Cass no respondió. No advirtió a la joven rabiosa que, si Salbach había aprobado la violencia de Intat, entonces esa misma violencia probaba que había olvidado su honor y juramento como jefe. Si estaba involucrado y consentía la masacre de niños y religiosos inocentes, no dudaría en hacer daño a cualquiera que lo amenazase. Tan sólo cuando hubieron continuado un rato por el sendero en dirección a Cuan Dóir, Cass se atrevió a sugerirle algo.
– ¿No sería mejor esperar hasta que vuestro hermano, Colgú, llegara con su guardia personal y entonces interrogar a Salbach desde una posición de fuerza?
Fidelma no se molestó en responder la pregunta. En aquel momento, su mente estaba dominada por la ira y por la determinación de seguir la pista de Intat. Si Salbach estaba detrás de Intat, entonces también él debía caer. Permitía que la ira la cegara y le impidiera pensar con lógica y, con aquella rabia dentro, no estaba preparada para detenerse y reflexionar.
Cuan Dóir parecía tan tranquilo como siempre cuando llegaron ante la entrada de la fortaleza de Salbach.

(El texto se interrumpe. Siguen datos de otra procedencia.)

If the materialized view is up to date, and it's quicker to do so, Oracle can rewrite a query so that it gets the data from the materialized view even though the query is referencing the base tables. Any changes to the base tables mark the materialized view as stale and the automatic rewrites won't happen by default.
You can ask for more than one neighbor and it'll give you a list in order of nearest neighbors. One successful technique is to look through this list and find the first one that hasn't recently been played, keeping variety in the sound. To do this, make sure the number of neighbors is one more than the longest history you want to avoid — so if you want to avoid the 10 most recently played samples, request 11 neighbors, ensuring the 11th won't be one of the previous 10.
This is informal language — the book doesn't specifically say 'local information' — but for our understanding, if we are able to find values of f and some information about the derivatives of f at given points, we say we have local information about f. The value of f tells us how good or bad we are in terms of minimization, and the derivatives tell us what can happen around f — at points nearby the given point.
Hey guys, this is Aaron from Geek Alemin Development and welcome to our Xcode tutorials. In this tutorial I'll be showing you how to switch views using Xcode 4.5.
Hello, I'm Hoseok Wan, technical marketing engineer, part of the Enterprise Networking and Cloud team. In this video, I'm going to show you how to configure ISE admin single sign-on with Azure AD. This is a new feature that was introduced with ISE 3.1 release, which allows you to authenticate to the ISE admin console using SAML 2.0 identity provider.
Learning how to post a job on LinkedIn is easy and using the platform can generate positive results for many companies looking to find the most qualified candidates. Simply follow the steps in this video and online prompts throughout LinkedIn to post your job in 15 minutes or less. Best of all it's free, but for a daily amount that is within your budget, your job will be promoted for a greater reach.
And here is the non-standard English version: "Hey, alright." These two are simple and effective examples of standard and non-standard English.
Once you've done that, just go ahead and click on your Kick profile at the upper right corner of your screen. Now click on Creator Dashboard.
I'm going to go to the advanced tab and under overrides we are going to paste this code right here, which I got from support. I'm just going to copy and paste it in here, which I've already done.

Parecía imposible que sólo a una pequeña distancia de allí una alquería entera y más de veinte personas, adultos y niños, hubieran sido asesinados.
El mismo soldado indolente de antes seguía apoyado contra un poste montando guardia. Una vez más negó que Salbach estuviera en la fortaleza, pero esta vez le hizo un guiño a Fidelma.
– Probablemente esté cazando otra vez en los bosques, hermana.
Fidelma reprimió su ira.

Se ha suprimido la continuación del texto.